Now for each policy, consider all the records, and take out the last updated one (eff_date) from each month.
So I need the last updated record for each month for each policy. How would I write a query for this?
I'm not 100 percent on Teradata syntax, but I believe you're after this:
SELECT policy_no,eff_date
FROM (SELECT policy_no,eff_date, ROW_NUMBER() OVER (PARTITION BY policy no, EXTRACT(YEAR FROM eff_date),EXTRACT(MONTH FROM eff_date) ORDER BY eff_date DESC) as RowRank
FROM a) as sub
WHERE RowRank = 1
I'm assuming when you say by month you also want to differentiate by year, but if not, just remove the EXTRACT(YEAR FROM eff_date) from the PARTITION BY section.
Edit: Update for Teradata syntax.
SELECT * from a
qualify ROW_NUMBER() OVER (PARTITION BY policy no, EXTRACT(YEAR FROM eff_date),
EXTRACT(MONTH FROM eff_date) ORDER BY eff_date DESC) = 1
The main difficulty, is that the group by needs to be made both the conbination of policy_no, but also the month (extracted from the date).

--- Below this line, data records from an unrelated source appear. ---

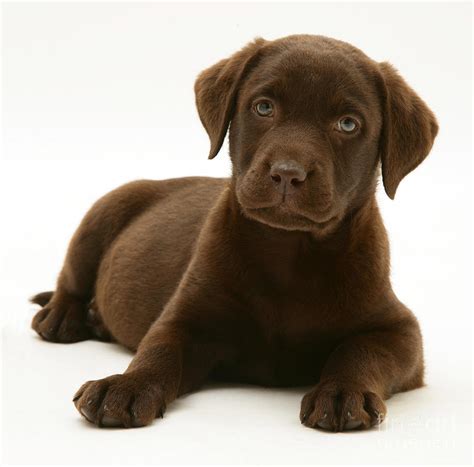 The labrador is the most popular breed of dog by registered ownership in canada, united kingdom, and united states. Chocolate Labrador Retriever Puppy Photograph by Jane Burton
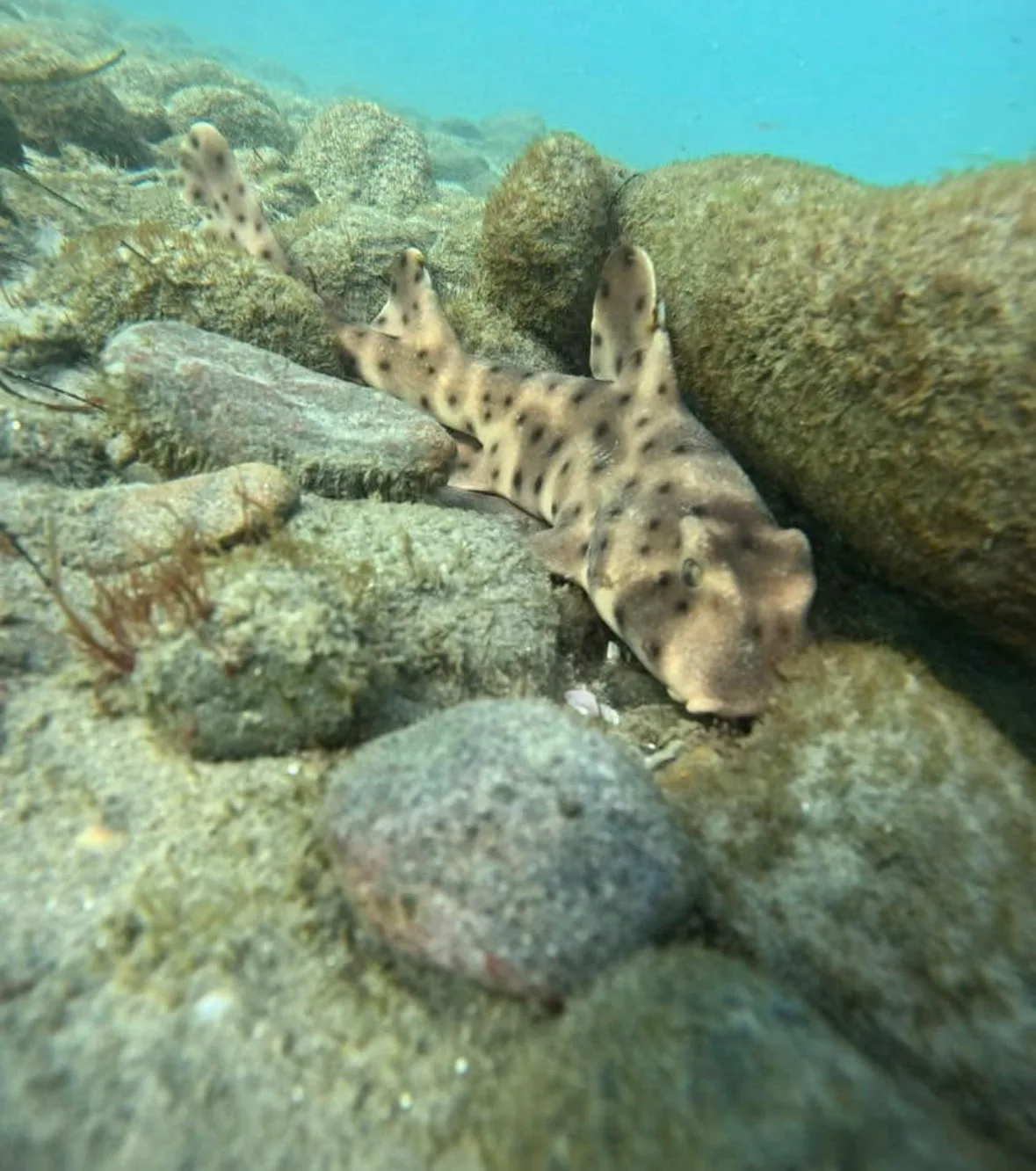 A horn shark resting head first between algae-covered rocks on sand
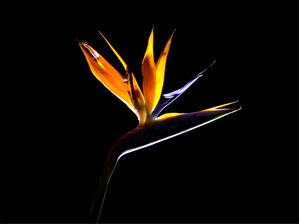 BIRD OF PARADISE FLOWER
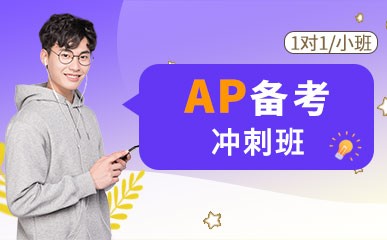 上海AP考试冲刺班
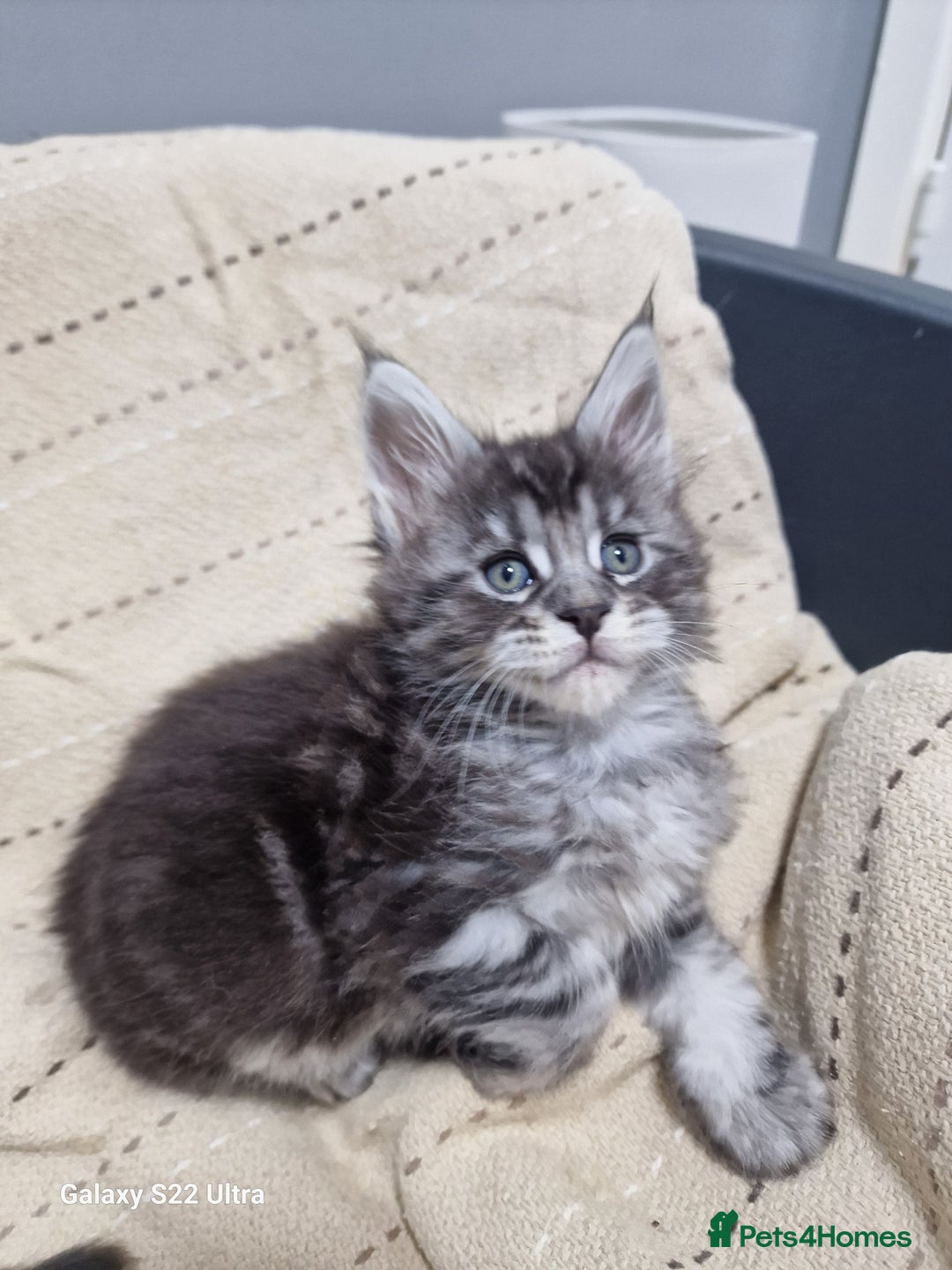 Maine Coon cats for sale: Pure Makne coon - Advert 15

For example:
In Mysql
SELECT policy_no,
month(eff_date),
year(eff_date),
max(eff_date)
FROM myTable
GROUP BY policy_no,
month(eff_date),
year(eff_date);
Update
I saw derived tables are allowed in teradata. Using a join to a derived table, here is how to access the full rows:
select * from a,
(SELECT policy_no,
month(eff_date),
year(eff_date),
max(eff_date) as MaxMonthDate
FROM a
GROUP BY policy_no,
month(eff_date),
year(eff_date)
) as b
where a.policy_no = b.policy_no and
a.eff_date = b.MaxMonthDate;
http://www.sqlfiddle.com/#!2/1f728/5
Update (Using Extract)
select * from a,
(SELECT a2.policy_no,
EXTRACT(MONTH FROM a2.eff_date),
EXTRACT(YEAR FROM a2.eff_date),
max(a2.eff_date) as MaxMonthDate
FROM a as a2
GROUP BY a2.policy_no,
EXTRACT(MONTH FROM a2.eff_date),
EXTRACT(YEAR FROM a2.eff_date)
) as b
where a.policy_no = b.policy_no and
a.eff_date = b.MaxMonthDate;
I'm going to suggest looking into Windows Aggregate functions and the QUALIFY statement. I believe the following SQL will work.
SELECT Policy_No
, EXTRACT(MONTH FROM Eff_Date) AS Eff_Month_
, Eff_Date
FROM TableA
QUALIFY ROW_NUMBER() OVER (PARTITION BY Policy_No, EXTRACT(MONTH FROM Eff_Date)
ORDER BY Eff_Date DESC) = 1;